VERACRUZ BAJO EL AGUA Y UN GOBIERNO REBASADO
El BOCÓN
La tragedia que dejó el huracán Priscila en Veracruz no solo exhibió la fuerza implacable de la naturaleza, sino también la fragilidad, la desorganización y la soberbia política de un gobierno estatal que reaccionó cuando ya era demasiado tarde.
Durante días, los municipios del norte del estado —Poza Rica, Álamo, Coatzintla, Gutiérrez Zamora, Tantoyuca— quedaron sepultados bajo el lodo, el miedo y el abandono.
Miles de familias perdieron sus hogares, sus pertenencias y, en muchos casos, a sus seres queridos.
Las imágenes de calles convertidas en ríos y de ciudadanos rescatados con lo mínimo contrastaban con la pasividad inicial de las autoridades veracruzanas, encabezadas por la gobernadora Rocío Nahle.
Mientras el agua subía, el gobierno bajaba la guardia.
La mandataria morenista apareció tarde, con mensajes que sonaban más a justificación que a empatía.
Minimizó el desbordamiento del río Cazones diciendo que fue “ligero”, cuando en realidad Poza Rica estaba sumergida en el agua.
No hubo advertencias tempranas, ni evacuaciones preventivas, ni coordinación efectiva con municipios que clamaban auxilio.
El resultado fue devastador: decenas de muertos, comunidades enteras incomunicadas y un sentimiento colectivo de abandono.
Veracruz se ahogó en su propia burocracia.
Sin previsión, sin seguro, sin rumbo.
A la tragedia se sumó un dato vergonzoso: el gobierno de Rocío Nahle no renovó el seguro contra desastres naturales, que venció meses antes del huracán.
Es decir, el estado enfrentó una catástrofe sin respaldo financiero para atender los daños materiales ni reconstruir viviendas.
Un error administrativo que hoy cuesta millones y que demuestra que la improvisación se volvió política pública.
Cuando la presión social creció, llegaron los sobrevuelos, las visitas relámpago, los comunicados triunfalistas.

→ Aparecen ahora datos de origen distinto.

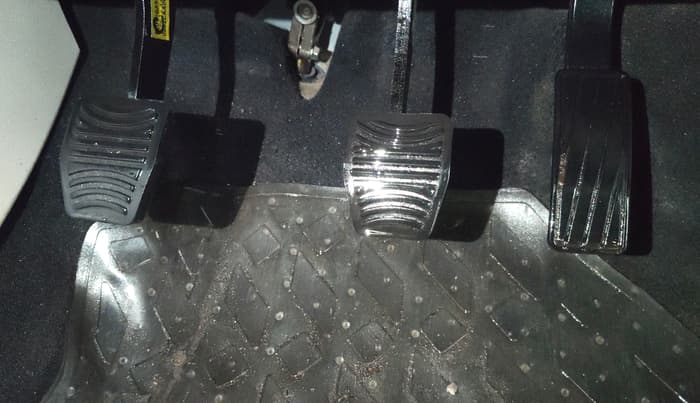 2022 Mahindra XUV300 W8 1.2 PETROL, Petrol, Manual, 39,574 km, Pedals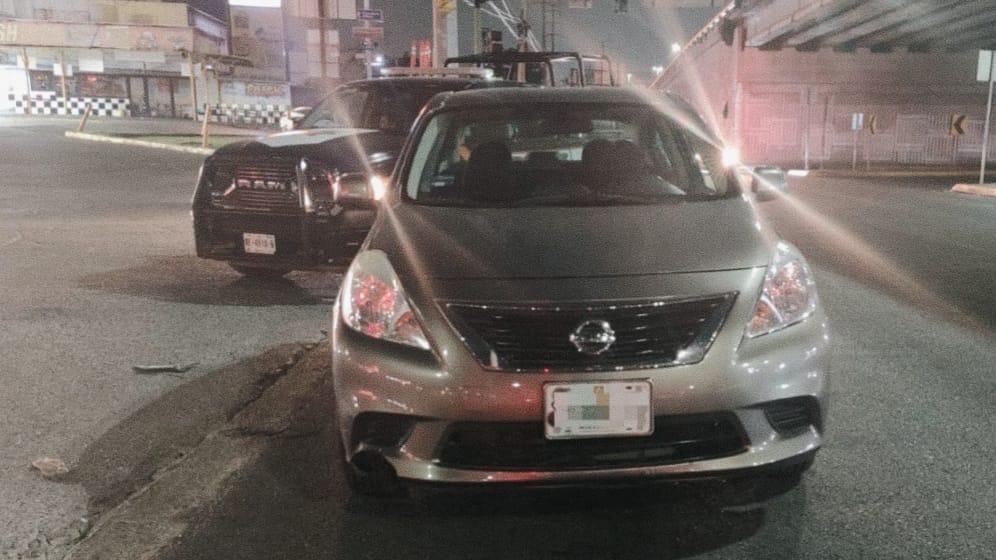 Las cámaras inteligentes del C-4 detectaron a un auto con reporte de robo, lo que provocó un operativo de policías de Guadalupe que terminó con la captura del conductor.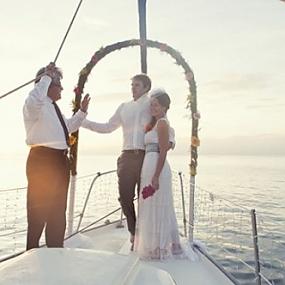 elopement-on-a-boat-10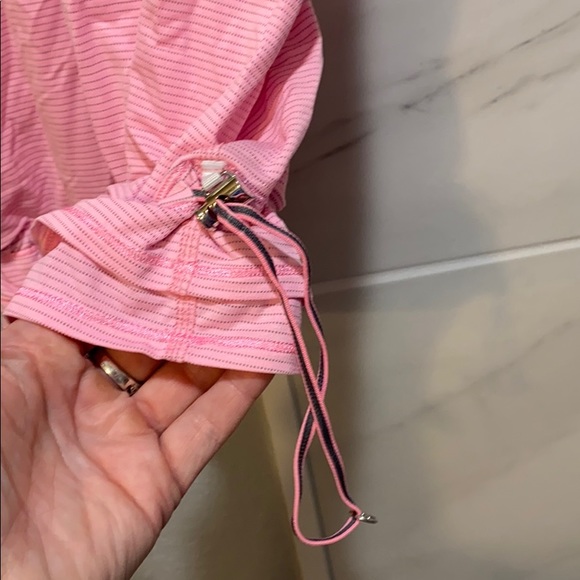 Lululemon tank top - Picture 3 of 5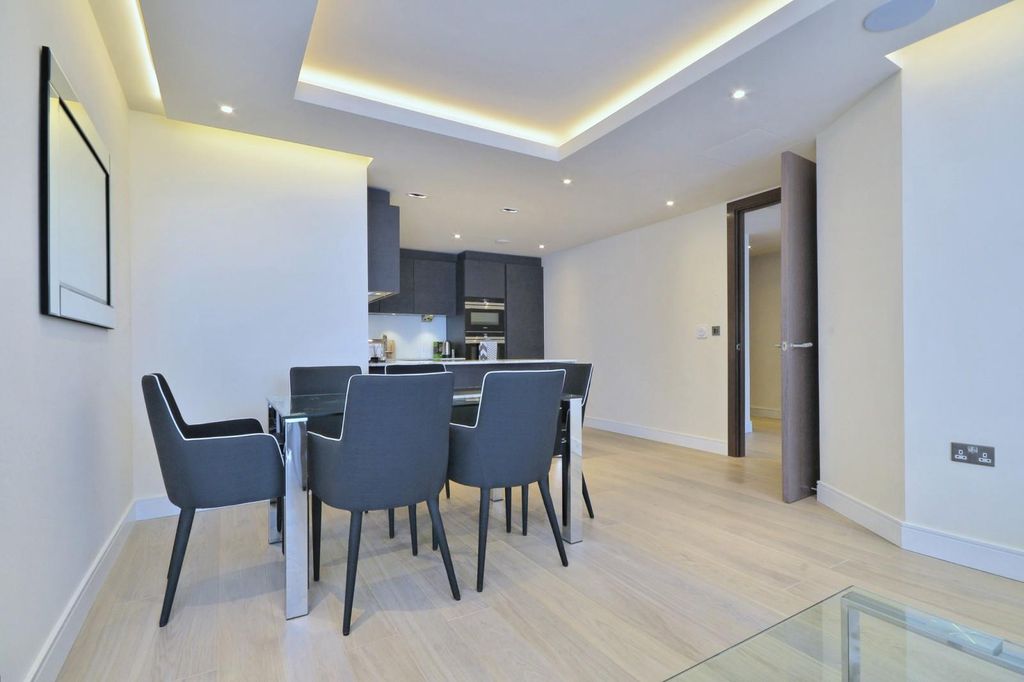 Property photo 3 of 14 Image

Se repartieron despensas, se tomaron fotografías, se publicaron cifras de apoyos.
Pero la ayuda real, esa que salva vidas, tardó en llegar.
Los damnificados se sintieron usados, no atendidos.
Y mientras la mandataria presumía coordinación con dependencias federales, los pobladores de Poza Rica la recibían con reclamos y gritos de desesperación.
En esas escenas no había militancia: había dolor.
Lo que vimos en Veracruz fue el retrato de un gobierno atrapado en la arrogancia de su narrativa.
Rocío Nahle, recién llegada al cargo, se negó a reconocer la dimensión del desastre y perdió tiempo valioso en el discurso, en lugar de actuar con la urgencia que exigía la emergencia.
La gobernadora pareció más preocupada por controlar el mensaje que la crisis.
Su silencio inicial fue elocuente. Su lentitud, imperdonable.
Veracruz no necesita promesas de reconstrucción ni comités fotogénicos.
Necesita planeación, prevención y autoridad con carácter.
Necesita un gobierno que sepa que la empatía no se improvisa cuando el agua ya se llevó todo.
Rocío Nahle enfrenta hoy su primera gran prueba, y la ha reprobado.
Porque cuando la tragedia golpea, la verdadera diferencia entre un desastre natural y un desastre político es la capacidad de respuesta.
En Veracruz, el huracán Priscila pasó… pero el desastre del gobierno sigue ahí, instalado en cada casa perdida, en cada madre que espera ayuda, en cada familia que se pregunta por qué su gobierno llegó después que la tormenta.